--- TASK DESCRIPTION ---
Without including any pictures, reproduce all the lines below word for word.

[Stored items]
────────────────────

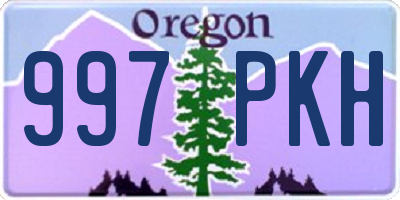 OR license plate 997PKH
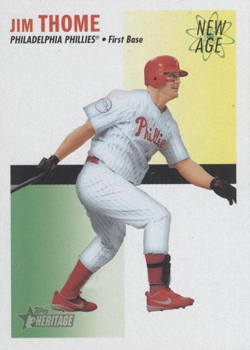 2004 Topps Heritage - New Age Performers #NAP11 Jim Thome Front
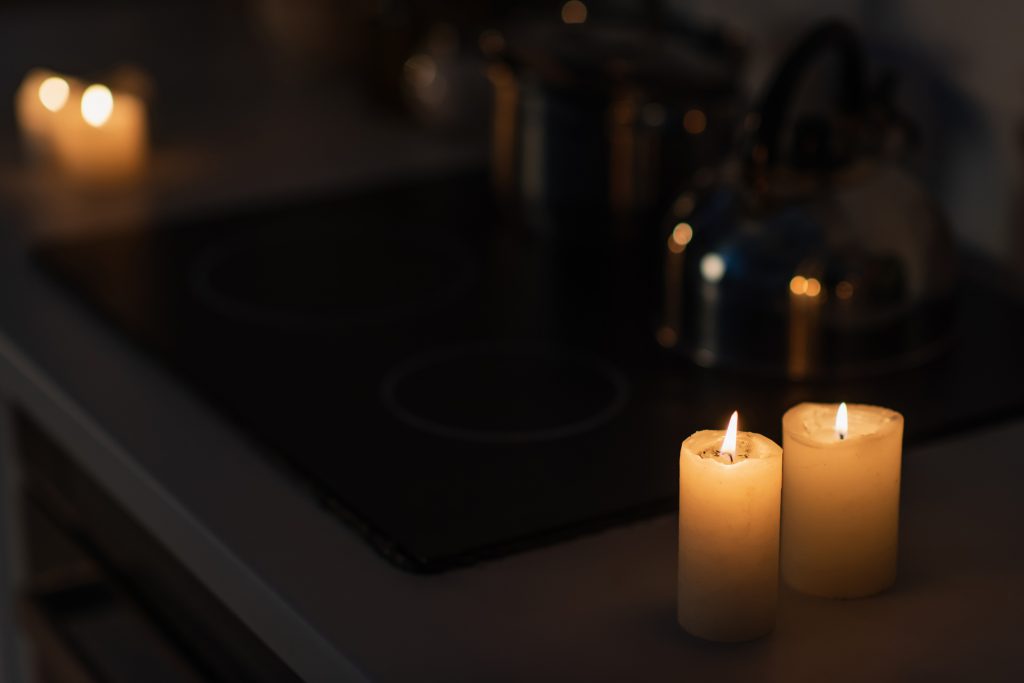 Power outage in the apartment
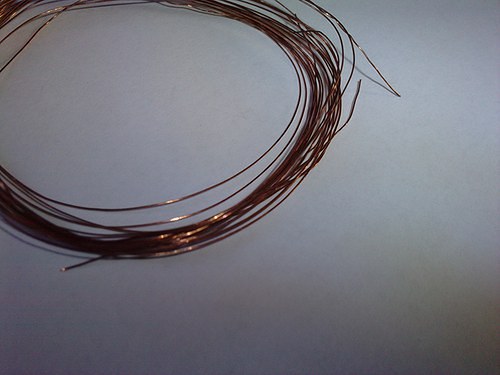 Měděný drát 0,2 mm, délka 3m — foto 1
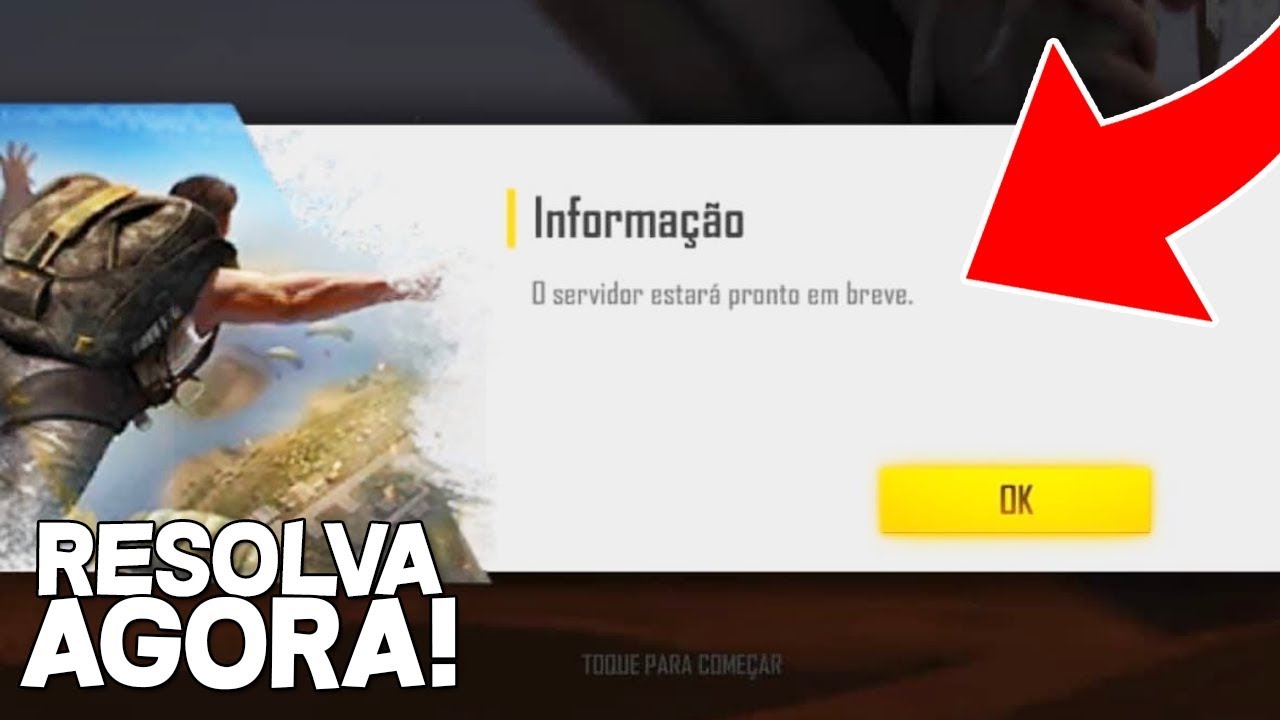 Free Fire “O Servidor estará pronto em breve” 2023: Tudo que você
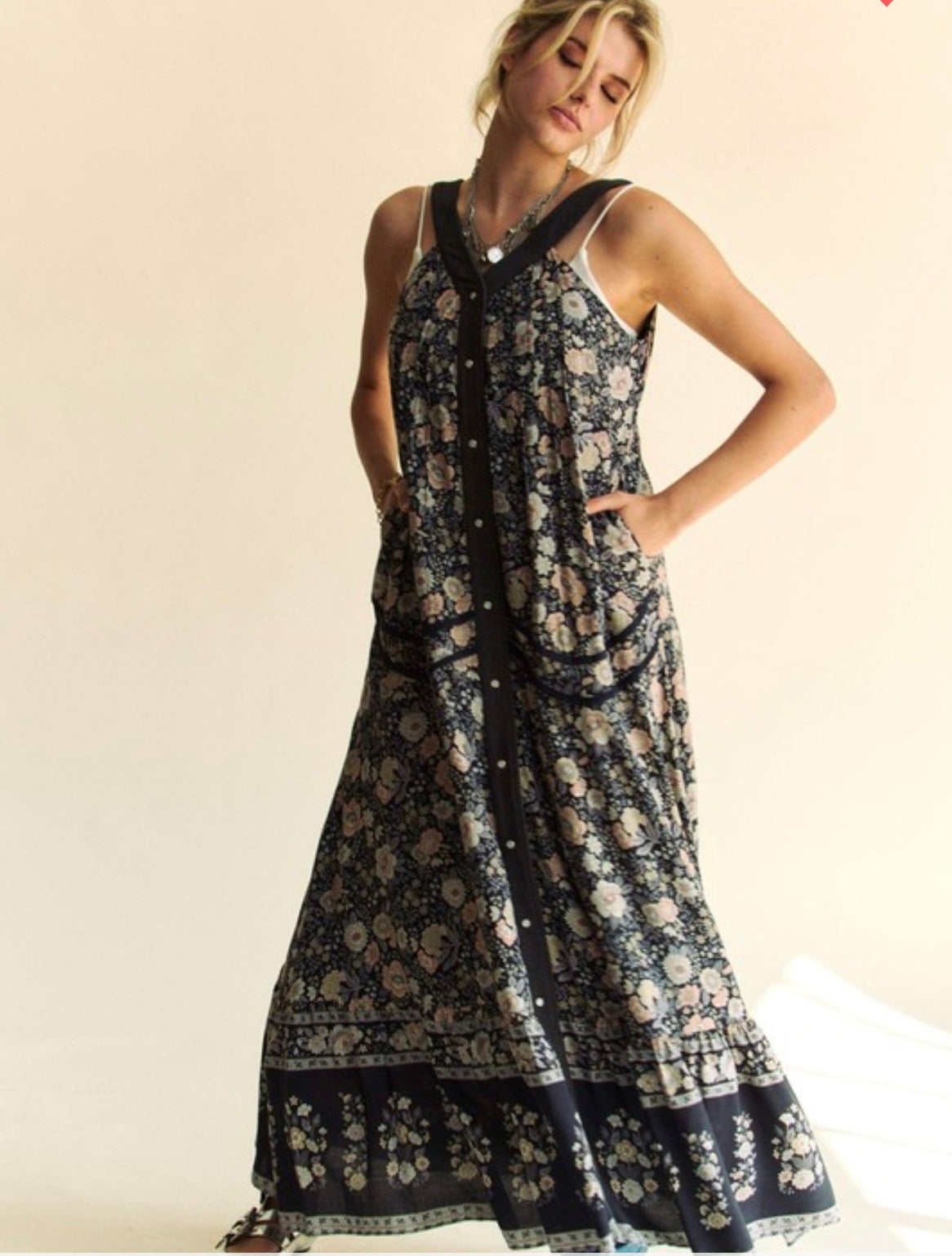 Floral Ink Maxi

────────────────────

--- OUTPUT ---
 OR license plate 997PKH
 2004 Topps Heritage - New Age Performers #NAP11 Jim Thome Front
 Power outage in the apartment
 Měděný drát 0,2 mm, délka 3m — foto 1
 Free Fire “O Servidor estará pronto em breve” 2023: Tudo que você
 Floral Ink Maxi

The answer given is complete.